*Description of the task:* The entries below need to be transcribed verbatim.

(Beginning of Extracted entries)

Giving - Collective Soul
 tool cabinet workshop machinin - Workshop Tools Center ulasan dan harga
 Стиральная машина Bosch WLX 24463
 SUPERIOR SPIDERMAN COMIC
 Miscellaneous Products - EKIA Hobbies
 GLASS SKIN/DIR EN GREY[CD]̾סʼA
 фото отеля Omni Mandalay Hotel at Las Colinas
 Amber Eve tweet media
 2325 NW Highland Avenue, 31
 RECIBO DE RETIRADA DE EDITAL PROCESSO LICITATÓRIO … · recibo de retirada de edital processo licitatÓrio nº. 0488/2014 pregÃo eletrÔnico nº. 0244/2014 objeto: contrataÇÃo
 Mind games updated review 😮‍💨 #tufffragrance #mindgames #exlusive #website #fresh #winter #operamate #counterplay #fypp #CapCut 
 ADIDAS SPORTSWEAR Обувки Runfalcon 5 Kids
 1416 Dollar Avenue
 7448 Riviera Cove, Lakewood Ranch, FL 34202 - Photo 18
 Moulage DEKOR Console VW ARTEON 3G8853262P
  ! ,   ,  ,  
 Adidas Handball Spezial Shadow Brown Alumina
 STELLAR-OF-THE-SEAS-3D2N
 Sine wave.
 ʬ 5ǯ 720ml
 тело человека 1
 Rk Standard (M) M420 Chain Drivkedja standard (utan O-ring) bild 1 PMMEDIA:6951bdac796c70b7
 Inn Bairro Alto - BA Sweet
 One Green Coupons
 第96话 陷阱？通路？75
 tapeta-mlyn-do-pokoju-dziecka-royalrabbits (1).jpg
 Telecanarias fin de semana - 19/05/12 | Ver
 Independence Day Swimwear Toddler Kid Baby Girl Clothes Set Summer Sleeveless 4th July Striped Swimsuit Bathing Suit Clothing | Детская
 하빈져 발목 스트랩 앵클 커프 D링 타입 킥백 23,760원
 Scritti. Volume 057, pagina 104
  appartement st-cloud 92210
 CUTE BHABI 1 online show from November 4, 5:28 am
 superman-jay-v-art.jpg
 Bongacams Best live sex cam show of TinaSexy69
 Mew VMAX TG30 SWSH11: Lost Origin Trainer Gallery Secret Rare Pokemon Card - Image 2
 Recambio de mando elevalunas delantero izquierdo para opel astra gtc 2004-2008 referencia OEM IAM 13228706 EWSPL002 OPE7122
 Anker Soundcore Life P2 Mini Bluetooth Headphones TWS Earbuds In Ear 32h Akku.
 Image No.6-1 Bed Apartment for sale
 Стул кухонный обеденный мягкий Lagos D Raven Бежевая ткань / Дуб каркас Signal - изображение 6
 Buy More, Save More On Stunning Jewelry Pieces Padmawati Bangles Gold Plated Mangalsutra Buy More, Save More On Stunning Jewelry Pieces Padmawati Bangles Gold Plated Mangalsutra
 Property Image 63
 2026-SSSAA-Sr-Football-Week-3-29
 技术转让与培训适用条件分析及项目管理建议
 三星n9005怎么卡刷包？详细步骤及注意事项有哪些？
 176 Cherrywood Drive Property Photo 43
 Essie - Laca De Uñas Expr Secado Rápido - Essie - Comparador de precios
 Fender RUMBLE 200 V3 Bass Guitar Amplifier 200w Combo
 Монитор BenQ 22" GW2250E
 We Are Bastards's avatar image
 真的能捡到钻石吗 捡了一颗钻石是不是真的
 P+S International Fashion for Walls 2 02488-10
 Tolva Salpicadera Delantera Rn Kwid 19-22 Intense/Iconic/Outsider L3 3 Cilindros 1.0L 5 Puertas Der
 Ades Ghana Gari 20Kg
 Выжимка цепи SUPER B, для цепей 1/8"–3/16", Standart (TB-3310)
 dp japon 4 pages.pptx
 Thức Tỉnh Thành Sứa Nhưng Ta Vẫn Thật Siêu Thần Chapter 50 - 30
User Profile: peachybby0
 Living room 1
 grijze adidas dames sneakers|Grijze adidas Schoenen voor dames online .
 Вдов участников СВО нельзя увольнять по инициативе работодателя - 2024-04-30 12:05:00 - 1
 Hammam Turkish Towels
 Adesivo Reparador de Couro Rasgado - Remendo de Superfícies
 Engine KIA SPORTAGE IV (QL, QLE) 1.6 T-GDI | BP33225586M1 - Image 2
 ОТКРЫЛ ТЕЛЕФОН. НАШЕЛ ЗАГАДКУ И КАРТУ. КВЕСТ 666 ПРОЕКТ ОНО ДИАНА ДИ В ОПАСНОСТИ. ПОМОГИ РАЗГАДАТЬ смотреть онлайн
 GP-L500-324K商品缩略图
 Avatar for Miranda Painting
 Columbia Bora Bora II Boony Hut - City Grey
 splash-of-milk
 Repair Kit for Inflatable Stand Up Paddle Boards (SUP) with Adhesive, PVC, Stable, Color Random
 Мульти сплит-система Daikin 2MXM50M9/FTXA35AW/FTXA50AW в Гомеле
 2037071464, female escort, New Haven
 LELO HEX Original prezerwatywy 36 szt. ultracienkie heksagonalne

(End of Extracted entries)

*Solved exercise:*
Giving - Collective Soul
 tool cabinet workshop machinin - Workshop Tools Center ulasan dan harga
 Стиральная машина Bosch WLX 24463
 SUPERIOR SPIDERMAN COMIC
 Miscellaneous Products - EKIA Hobbies
 GLASS SKIN/DIR EN GREY[CD]̾סʼA
 фото отеля Omni Mandalay Hotel at Las Colinas
 Amber Eve tweet media
 2325 NW Highland Avenue, 31
 RECIBO DE RETIRADA DE EDITAL PROCESSO LICITATÓRIO … · recibo de retirada de edital processo licitatÓrio nº. 0488/2014 pregÃo eletrÔnico nº. 0244/2014 objeto: contrataÇÃo
 Mind games updated review 😮‍💨 #tufffragrance #mindgames #exlusive #website #fresh #winter #operamate #counterplay #fypp #CapCut 
 ADIDAS SPORTSWEAR Обувки Runfalcon 5 Kids
 1416 Dollar Avenue
 7448 Riviera Cove, Lakewood Ranch, FL 34202 - Photo 18
 Moulage DEKOR Console VW ARTEON 3G8853262P
  ! ,   ,  ,  
 Adidas Handball Spezial Shadow Brown Alumina
 STELLAR-OF-THE-SEAS-3D2N
 Sine wave.
 ʬ 5ǯ 720ml
 тело человека 1
 Rk Standard (M) M420 Chain Drivkedja standard (utan O-ring) bild 1 PMMEDIA:6951bdac796c70b7
 Inn Bairro Alto - BA Sweet
 One Green Coupons
 第96话 陷阱？通路？75
 tapeta-mlyn-do-pokoju-dziecka-royalrabbits (1).jpg
 Telecanarias fin de semana - 19/05/12 | Ver
 Independence Day Swimwear Toddler Kid Baby Girl Clothes Set Summer Sleeveless 4th July Striped Swimsuit Bathing Suit Clothing | Детская
 하빈져 발목 스트랩 앵클 커프 D링 타입 킥백 23,760원
 Scritti. Volume 057, pagina 104
  appartement st-cloud 92210
 CUTE BHABI 1 online show from November 4, 5:28 am
 superman-jay-v-art.jpg
 Bongacams Best live sex cam show of TinaSexy69
 Mew VMAX TG30 SWSH11: Lost Origin Trainer Gallery Secret Rare Pokemon Card - Image 2
 Recambio de mando elevalunas delantero izquierdo para opel astra gtc 2004-2008 referencia OEM IAM 13228706 EWSPL002 OPE7122
 Anker Soundcore Life P2 Mini Bluetooth Headphones TWS Earbuds In Ear 32h Akku.
 Image No.6-1 Bed Apartment for sale
 Стул кухонный обеденный мягкий Lagos D Raven Бежевая ткань / Дуб каркас Signal - изображение 6
 Buy More, Save More On Stunning Jewelry Pieces Padmawati Bangles Gold Plated Mangalsutra Buy More, Save More On Stunning Jewelry Pieces Padmawati Bangles Gold Plated Mangalsutra
 Property Image 63
 2026-SSSAA-Sr-Football-Week-3-29
 技术转让与培训适用条件分析及项目管理建议
 三星n9005怎么卡刷包？详细步骤及注意事项有哪些？
 176 Cherrywood Drive Property Photo 43
 Essie - Laca De Uñas Expr Secado Rápido - Essie - Comparador de precios
 Fender RUMBLE 200 V3 Bass Guitar Amplifier 200w Combo
 Монитор BenQ 22" GW2250E
 We Are Bastards's avatar image
 真的能捡到钻石吗 捡了一颗钻石是不是真的
 P+S International Fashion for Walls 2 02488-10
 Tolva Salpicadera Delantera Rn Kwid 19-22 Intense/Iconic/Outsider L3 3 Cilindros 1.0L 5 Puertas Der
 Ades Ghana Gari 20Kg
 Выжимка цепи SUPER B, для цепей 1/8"–3/16", Standart (TB-3310)
 dp japon 4 pages.pptx
 Thức Tỉnh Thành Sứa Nhưng Ta Vẫn Thật Siêu Thần Chapter 50 - 30
User Profile: peachybby0
 Living room 1
 grijze adidas dames sneakers|Grijze adidas Schoenen voor dames online .
 Вдов участников СВО нельзя увольнять по инициативе работодателя - 2024-04-30 12:05:00 - 1
 Hammam Turkish Towels
 Adesivo Reparador de Couro Rasgado - Remendo de Superfícies
 Engine KIA SPORTAGE IV (QL, QLE) 1.6 T-GDI | BP33225586M1 - Image 2
 ОТКРЫЛ ТЕЛЕФОН. НАШЕЛ ЗАГАДКУ И КАРТУ. КВЕСТ 666 ПРОЕКТ ОНО ДИАНА ДИ В ОПАСНОСТИ. ПОМОГИ РАЗГАДАТЬ смотреть онлайн
 GP-L500-324K商品缩略图
 Avatar for Miranda Painting
 Columbia Bora Bora II Boony Hut - City Grey
 splash-of-milk
 Repair Kit for Inflatable Stand Up Paddle Boards (SUP) with Adhesive, PVC, Stable, Color Random
 Мульти сплит-система Daikin 2MXM50M9/FTXA35AW/FTXA50AW в Гомеле
 2037071464, female escort, New Haven
 LELO HEX Original prezerwatywy 36 szt. ultracienkie heksagonalne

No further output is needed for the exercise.